Hey guys. A few questions around some of these numbers that you’ve thrown out here. So the first one is on this kind of $45 million sort of resource adequacy payment from the state. I guess you’re saying that’s kind of roughly doubling in 2024 versus 2023. I just wanted to make sure I sort of understood the mechanics around that. Is this basically the state been cutting you a check so far in 2023 for that amount? And that amount sort of doubles next year? Does this flow through your sort of electricity business margins or if you guys are selling the power, maybe you don’t really get the check there? I’m just trying to kind of understand if that’s kind of free money for being on standby or if you are producing, then maybe you don’t get all of that. Just kind of some help around the mechanics here would be great.
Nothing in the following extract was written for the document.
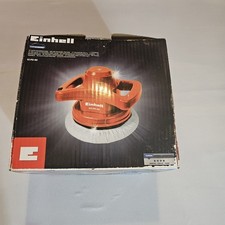 Einhell Auto-Poliermaschine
Francisco Leon, President and Chief Executive Officer

Great question. So as you know, the state of California has a big penetration of renewable energy and that doesn’t work 24/7. So you require baseload from different sources to make sure the lights are on in the state. So years ago, California entered into this resource adequacy program through the utilities that they pay independent power producers to be on standby. Let me turn it over to Jay Bys, if he has a few more thoughts around regulators adequacy and what it means.

Jay Bys, Regulatory Executive

Yes, thank you. To clarify, the state does not directly pay for capacity. Anyone providing load within California, particularly in CAISO, must have sufficient capacity to support that load. This applies to both utilities and aggregators, who are responsible for securing the necessary capacity. Essentially, they are contributing to CRC to ensure that this capacity is available. In the past, there was a more relaxed approach regarding how much capacity certain parties backed up using the marketplace. However, CAISO has now firmly emphasized the importance of ensuring that load is properly backed up. Consequently, the current pricing reflects the true market value of this capacity. Additionally, having an asset that is consistently available is certainly appealing in the marketplace.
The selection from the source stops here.